Truckfuls of Bodies

By David Swanson

Michael Vick, the football player who’s all over the news, should have tortured humans instead of dogs. Then we would have been told to overlook it for the sake of moving forward. Better yet, he should have killed humans rather than only torturing them. Then we would have been told next to nothing about it at all. It might have been reported, but it wouldn’t have become a hot topic, an echo-chambered story to be dismissed only after a great deal of hand-wringing. It certainly would not have interfered with watching football games.

No, I don’t support harming dogs. No, I don’t really want people tortured. (Yes, I’ve had to explain that to the severely satire-impaired after making the above statements.) And, no, I don’t really think murder is better than torture. Nor do I think murder by bomb or gun or suffocation is necessarily any worse than murder by health insurance company. But I am concerned that we arrest and prosecute people in this country for individual small-time acts of torture and murder, whether of people or dogs, but never for the large-scale authorization of torture or murder. We do, however, publicly worry about our souls because of mass-torture, whereas mass-murder doesn’t seem to gain the same coverage in our corporatized communications system.
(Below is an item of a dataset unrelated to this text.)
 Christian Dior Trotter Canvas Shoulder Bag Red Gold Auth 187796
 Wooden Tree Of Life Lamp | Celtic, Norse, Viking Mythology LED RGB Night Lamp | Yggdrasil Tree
Of course I want torture prosecuted, but torture is a symptom.

The illness is aggressive war, a violation of the U.N. Charter and therefore of Article VI of the US Constitution. War crimes are unavoidable symptoms of aggressive war. And, even for those who support wars, there are war crimes that surpass the evil of torture. Who remembers the truckfuls of bodies, live bodies but only barely, dehydrated people licking and chewing the sweaty bodies beside them, screaming in agony, piled by the hundreds inside airless metal containers on flatbed trucks in desert heat, holes sometimes shot into the trucks with bullets for air — but not into the roof, rather into the people already crammed inside — remember that? Who remembers the truckfuls of bodies dumped out and buried by the thousands in mass graves by Afghan troops under U.S. command with U.S. forces present and aware, the same U.S. forces engaged in torturing prisoners who made it to the prison alive?

If you’ve forgotten, you may want to watch this excellent film and read this website created by Physicians for Human Rights: http://afghanmassgrave.org. Here’s a diary with recent updates and an NPR interview. And here’s a recent New York Times report on the failure of the Bush White House to investigate. Democracy Now covered the story again on Tuesday because a former CIA asset, the U.S.-purchased war lord who carried out the 2002 massacre, is actively campaigning for the reelection of Afghanistan’s president, U.S. puppet Hamid Karzai. Check out, as well, the website of Dave Dienstag who spoke up passionately on this topic at the recent national convention of Veterans for Peace.

Now, it wasn’t exactly news when the New York Times reported that Bush had failed to investigate or prosecute this crime. But when asked about it, President Obama replied that he would look into the matter, having just been made aware that a proper investigation had not been done. What, one might ask, would constitute a proper investigation of mass-murder, a proper investigation not resulting in criminal prosecutions or anything else that might become publicly known? And is that the sort of proper investigation that Obama intends to conduct now? Why is Eric Holder not conducting the investigation?

Imagine the outcry for the use of nuclear weapons if even a single truckload of Americans was murdered by a foreign nation. Imagine the great moral outrage. Imagine the difficulty one would have conducting a conversation about it without the name Adolf Hitler coming up. Then imagine what the people of Afghanistan must think of the foreign armies occupying their land. Imagine the treatment American prisoners are likely to receive by people whose countrymen have been stuffed like trash into a truck, driven and parked in the sun until the stench overwhelmed those around it and blood dripped out the doors.

Robert Jackson said at Nuremberg: “[T]he ultimate step in avoiding periodic wars, which are inevitable in a system of international lawlessness, is to make statesmen responsible to law. And let me make clear that while this law is first applied against German aggressors, the law includes, and if it is to serve a useful purpose it must condemn aggression by any other nations, including those which sit here now in judgment.”

Yet the law has never condemned us. And we have so violated it that we are losing the ability even to sit in hypocritical judgment. If this is not changed and justice not upheld, we will eventually become indistinguishable from dogs, and torture will become ordinary and accepted.